The “better part” of hospitality is not simply doing chores and preparing dinner. True hospitality involves focusing on the individual, on the guest who has come to your home to relax and spend time with you. This is an aspect of hospitality that is probably rarely thought of. We have some friends round for dinner, we ply them with drink, stuff them full of good food, and shoot the breeze. But once they are sated and the breeze has been duly shot, how often do we take the time to ask them how they are doing? Are we so caught up in frivolous banter or intellectual discussion that we forget to focus on the person in front of us? Jesus showed us this focus on loving the individual when he washed the feet of his disciples; such an intimate sign of love and putting the other first.

Coming from an ostensibly more traditional Celtic culture, my parents taught me by example the essence of good hospitality — the personal touch. What did I learn? Here are some key nuggets, which I provide, gratis, from my parents’ (relentless) hoard of wisdom:

Always put the other first; welcome guests at the front door; take their jacket or coat; show them where the bathroom is; offer them a drink; offer them food; serve them — don’t tell them to “help themselves”; in conversation, ask them questions to show you’re interested in them; turn the TV off; see them to the door when they leave. And we can probably add the most modern measure, which they would never have had to deal with: turn off your cell phone.

Some people may have what almost amounts to a charismatic gift of hospitality and don’t need such guidance. But most of the rest of us probably did not grow up with a set of ready-made rules in this area. 

Hospitality, at its best, is a form of love, service-love. Ultimately it is a way in which we can pass on to others the love that we have received from Our Lord. In a sense, it can be a tool for evangelization and even healing. And it can be practiced by anyone. Yes, we might not obey all the “rules” of hospitality, but focusing our attention and love on the guests we have invited to spend time with us goes a long way towards fostering nourishing, enriching, and enduring relationships, especially with fellow Christians. After all, as the great apostle Peter tells us in his first letter, “Above all, maintain constant love for one another, for love covers a multitude of sins. Be hospitable to one another without complaining. Like good stewards of the manifold grace of God, serve one another with whatever gift each of you has received.” (1 Pt 4:7-10)

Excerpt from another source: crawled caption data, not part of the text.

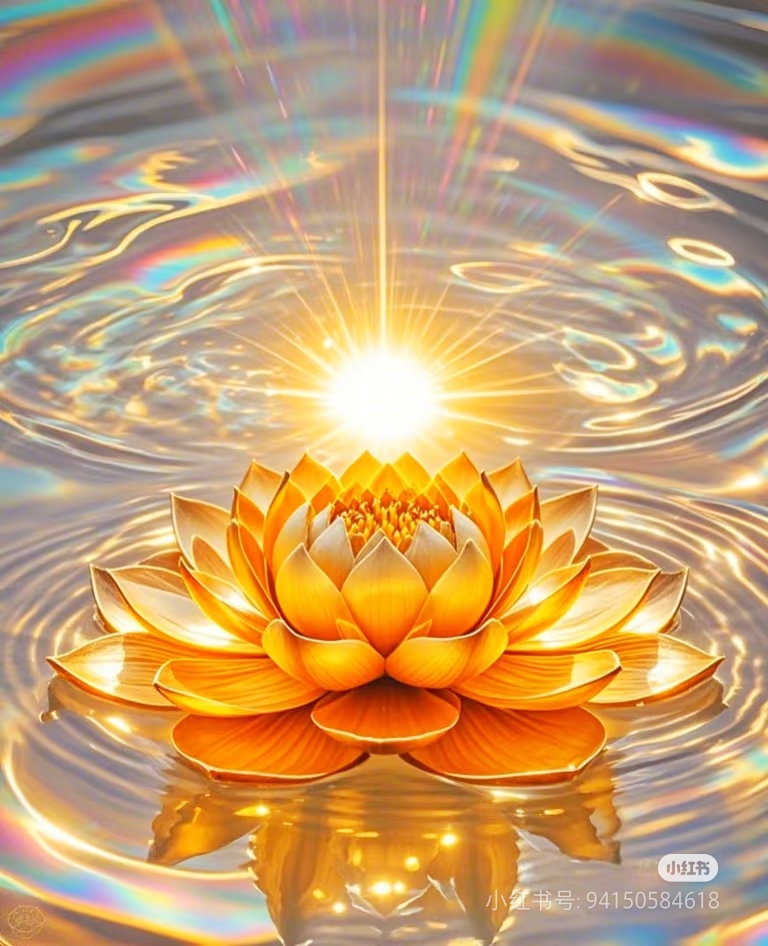 晨光初绽时,那抹金色便在水雾中苏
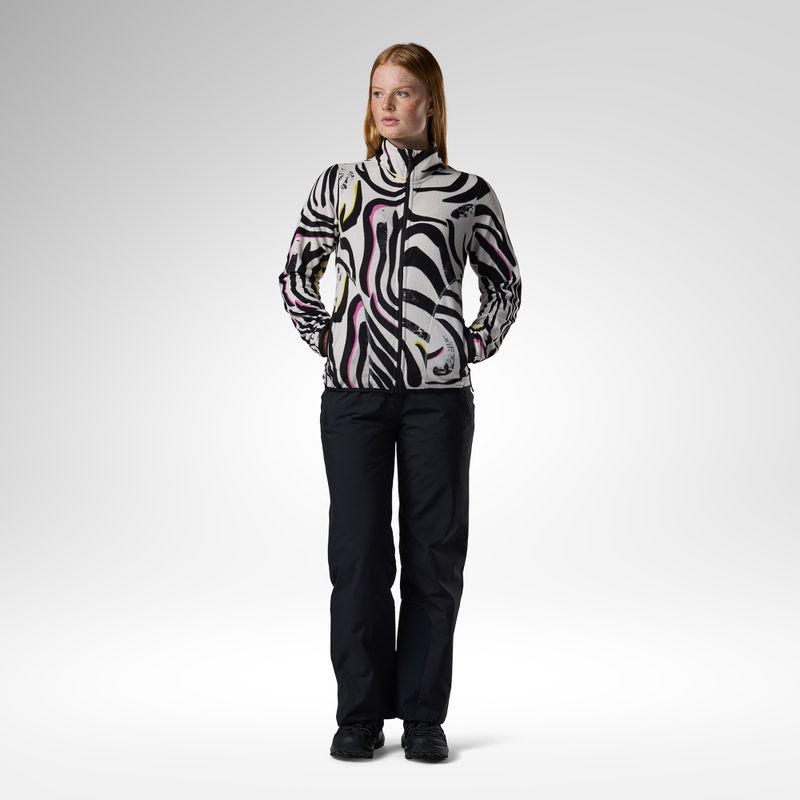 Кофта флісова лижна жіноча Rossignol Polar Fleece savage black 2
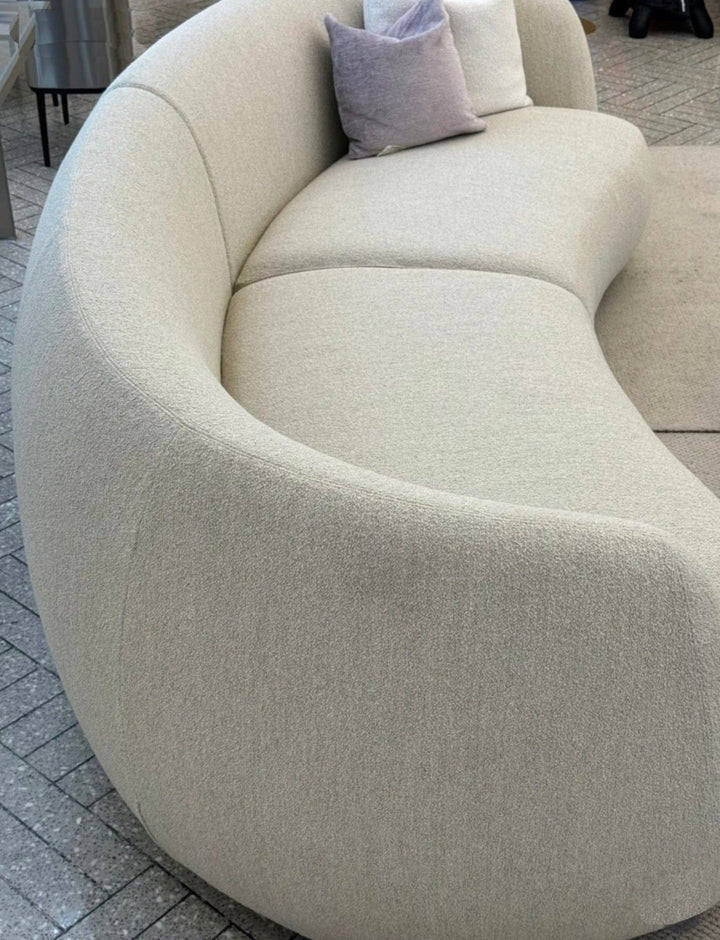 Gisla Performance Boucle Curve Sofa - Exclusivia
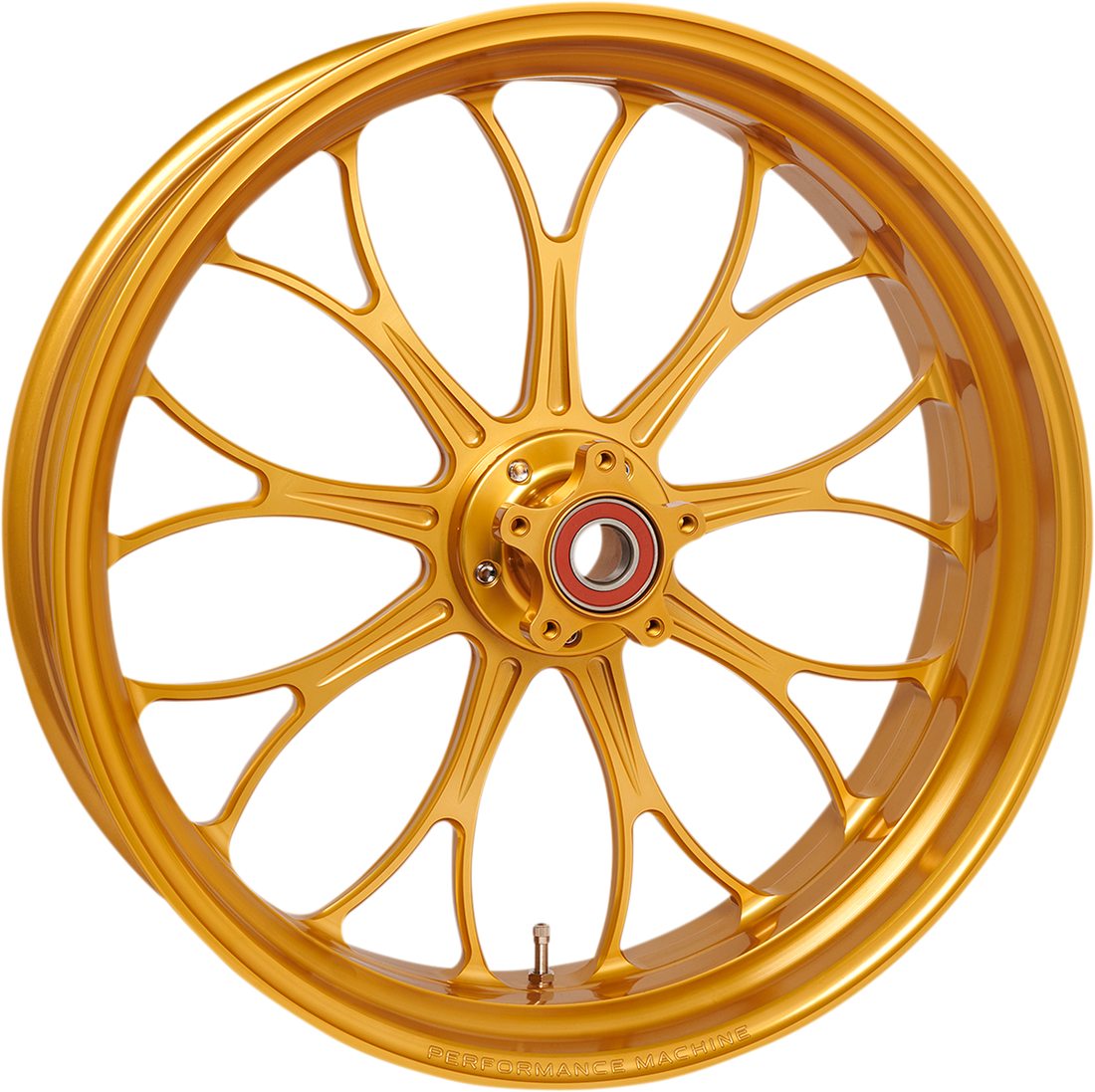 PERFORMANCE MACHINE PM Wheel Revolution Front Dual Disc/without ABS Gold Ops™ 21x3.5 12027106RVNJAPG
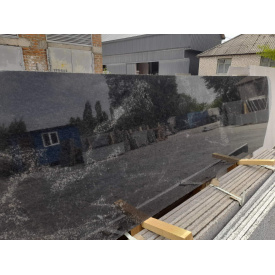 Ступени из Рахны-Полевского гранита черного, Житомирские граниты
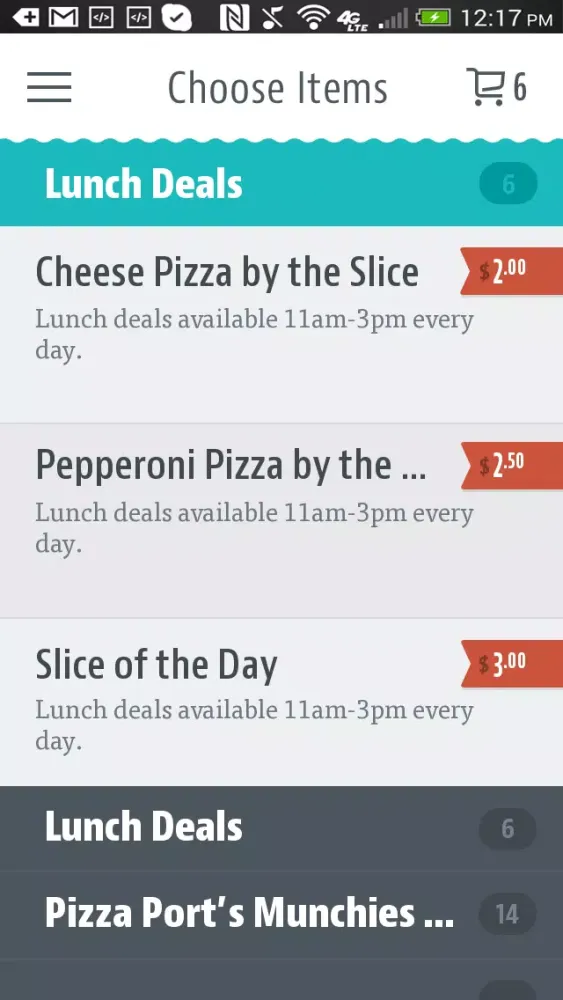 Capturas de pantalla de Pizza Port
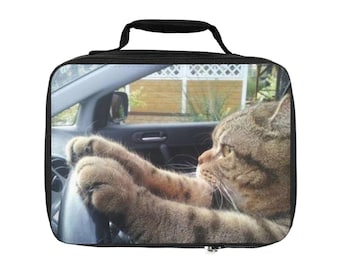 Cat Lunch Bag: Insulated Animal Tote for Cat Lovers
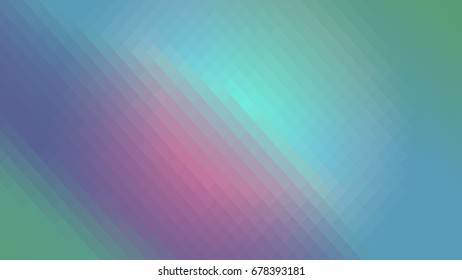 Wallpaper background pink blue green gradient in polygonal rhombuses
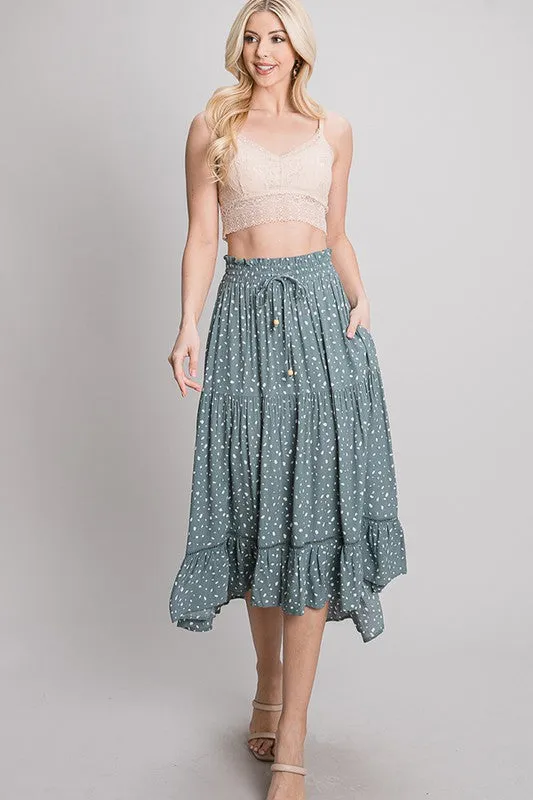 Brooks Hi-Low Midi Skirt
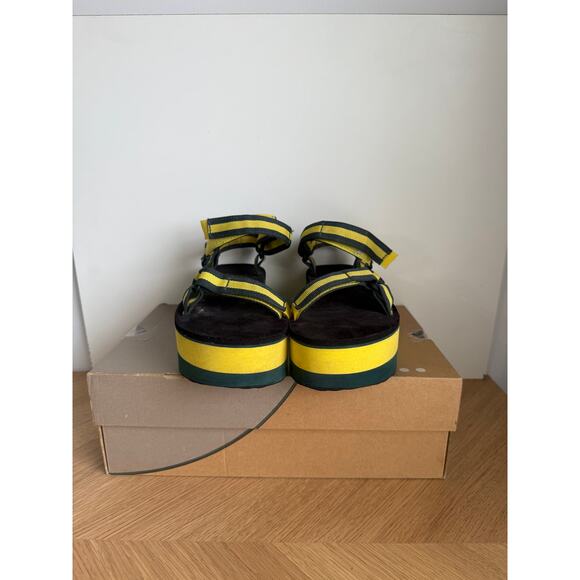 Teva x Opening Ceremony Multicolor Black/Yellow Women Platform Sandal- SZ 6 - Picture 6 of 10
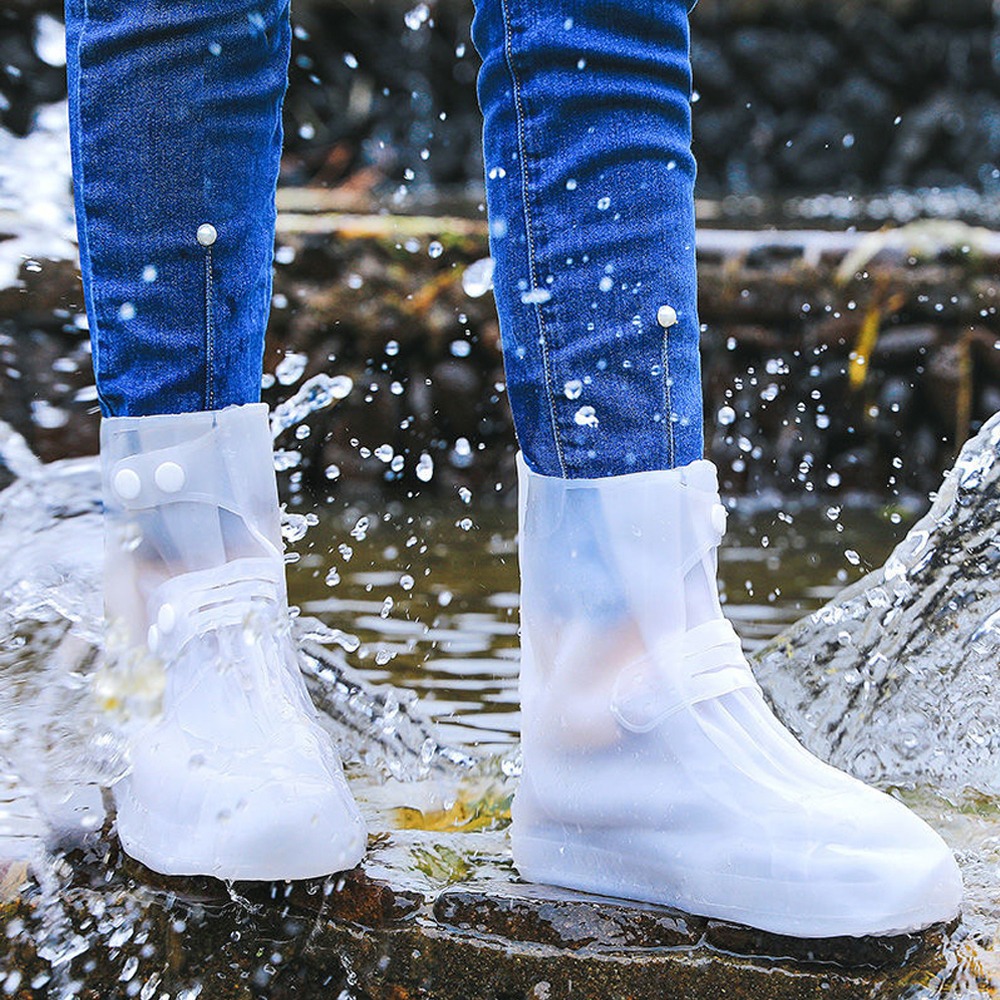 21cm 하이탑 여성 어린이 비신발 비오는날 비올때 레인 운동화 커버 덮개 장화 휴대용 실리콘 방수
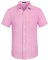 HISDERN Camicia Lino Uomo Estiva Casual Rosa Camicie Maniche Corte Colore Solido Camicia con Tasca per Spiaggia Vacanza Regular Fit M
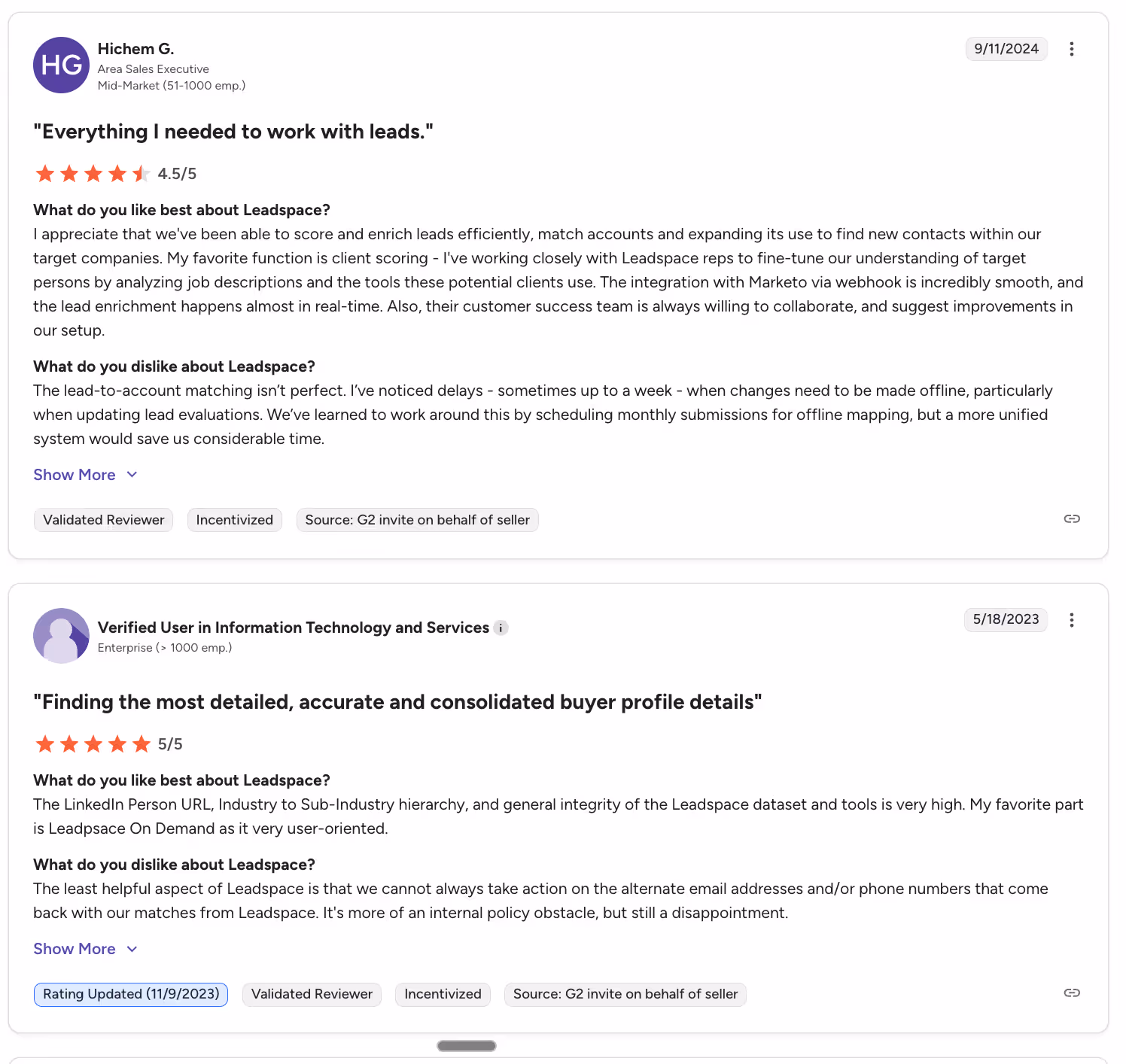 Leadspace Reviews G2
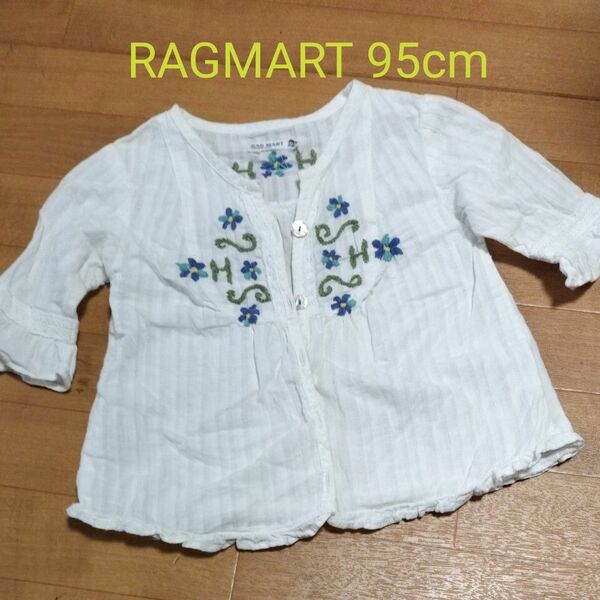 RAGMART 子供服 七分袖　シャツ　95cm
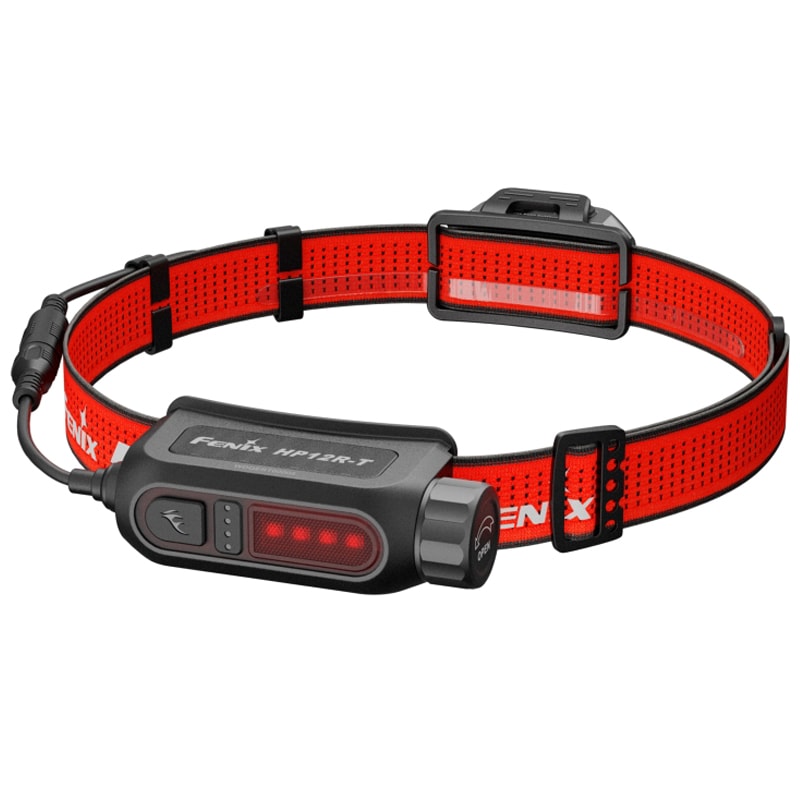 Svítilna čelová Fenix HP12R-T Red - 1300 lumenů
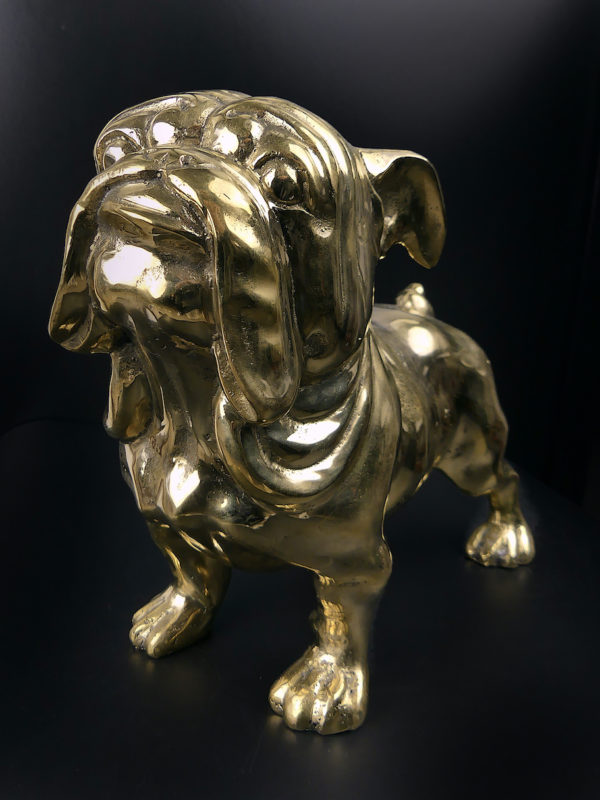 Statue bouledogue en laiton (3/4)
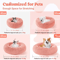 Soft Plush Donut Cat Bed Washable Faux Fur Pet Sleeping Mat For Cats Small Dogs 6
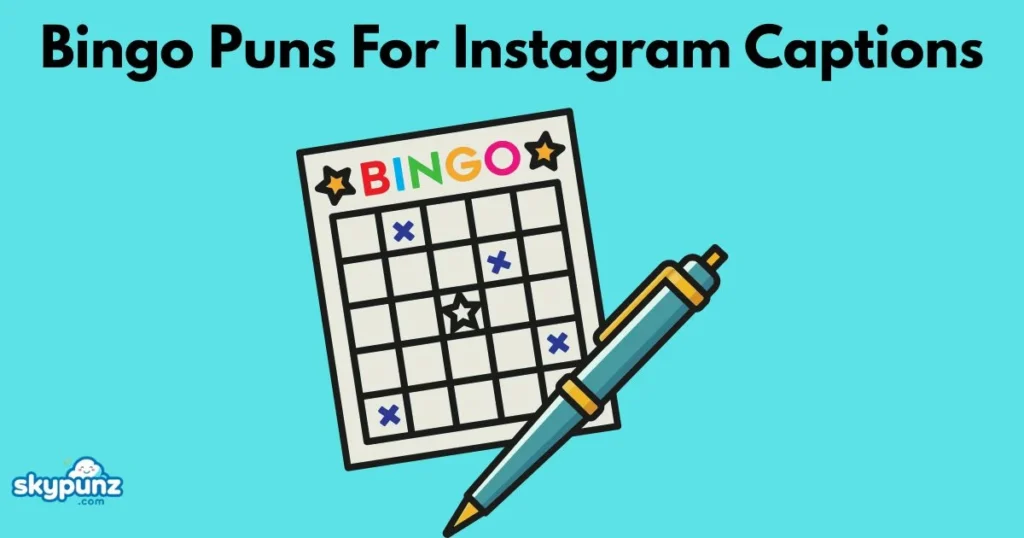 Bingo Puns For Instagram Captions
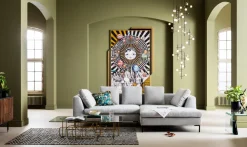 KARE Design Kulmasohvat*Gianni Cord Kulmasohva, Harmaa, Oikea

Hospitality is also a way in which we can support each other in our path toward holiness. For, just as Jesus spoke what was in his heart to his closest friends, we too may find that the love we share through hospitality may open up vistas of deeper relationships with fellow travelers on the road to heaven.

In times that are increasingly hostile to the gospel, we need all the support we can get to continue our walk with the Lord. Hospitality is one of the key ways in which we can bolster our hope, encourage each other to persevere, and provide a refuge from the world. And, incidentally, did I mention it is also terrific fun!

Sts. Martha, Mary and Lazarus, pray for us.